• [Work required] Copy exactly the stretch of data below from the line with "1562 Chesire Drive - Photo Thumbnail 12" through the line with "Foto: Kuess", including both of those lines.

• [The data]
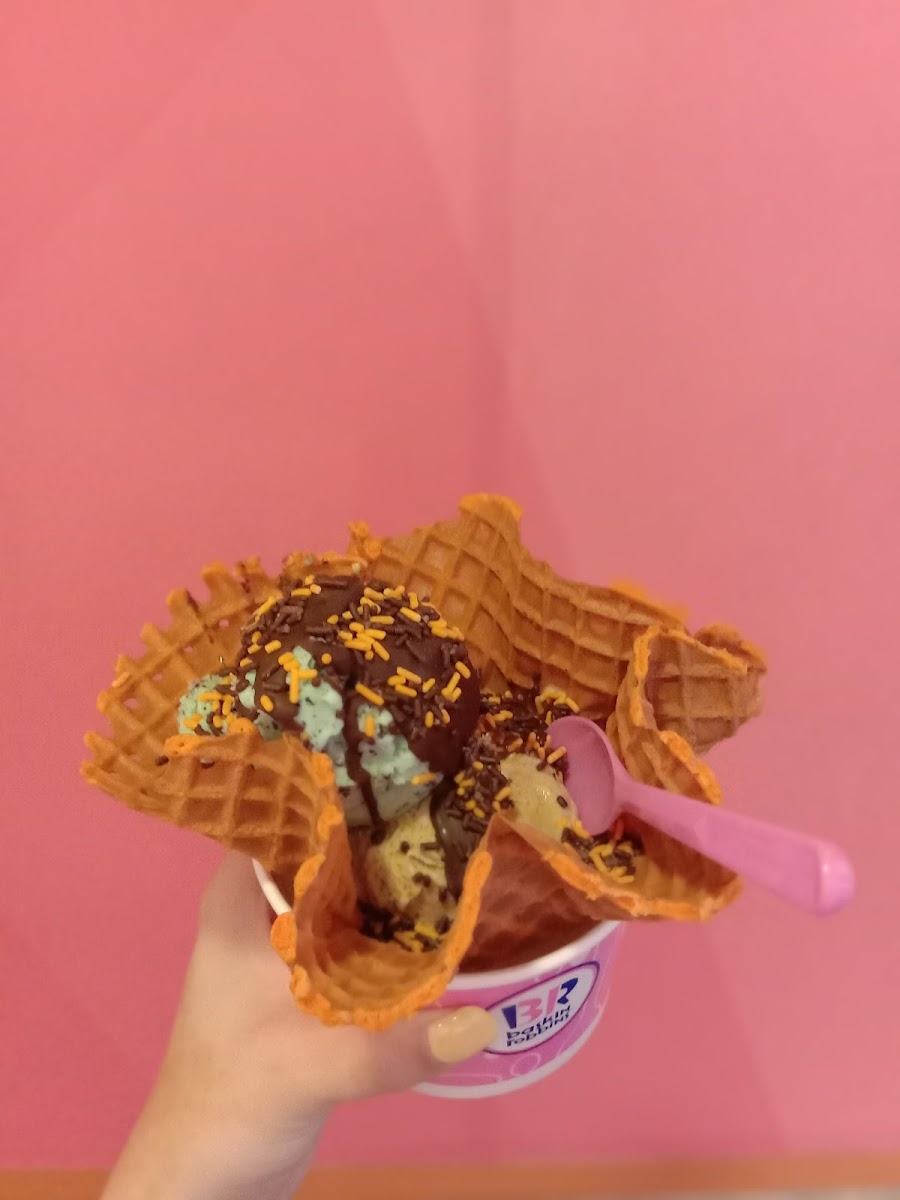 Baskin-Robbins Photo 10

==

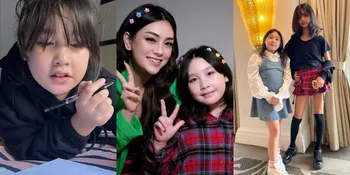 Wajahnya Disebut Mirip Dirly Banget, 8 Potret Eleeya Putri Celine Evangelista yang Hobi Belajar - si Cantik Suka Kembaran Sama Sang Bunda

---

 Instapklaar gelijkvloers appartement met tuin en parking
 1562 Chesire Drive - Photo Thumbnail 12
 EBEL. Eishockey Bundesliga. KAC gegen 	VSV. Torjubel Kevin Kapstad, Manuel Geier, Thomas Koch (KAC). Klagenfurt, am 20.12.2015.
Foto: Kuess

• [Response]
 1562 Chesire Drive - Photo Thumbnail 12
 EBEL. Eishockey Bundesliga. KAC gegen 	VSV. Torjubel Kevin Kapstad, Manuel Geier, Thomas Koch (KAC). Klagenfurt, am 20.12.2015.
Foto: Kuess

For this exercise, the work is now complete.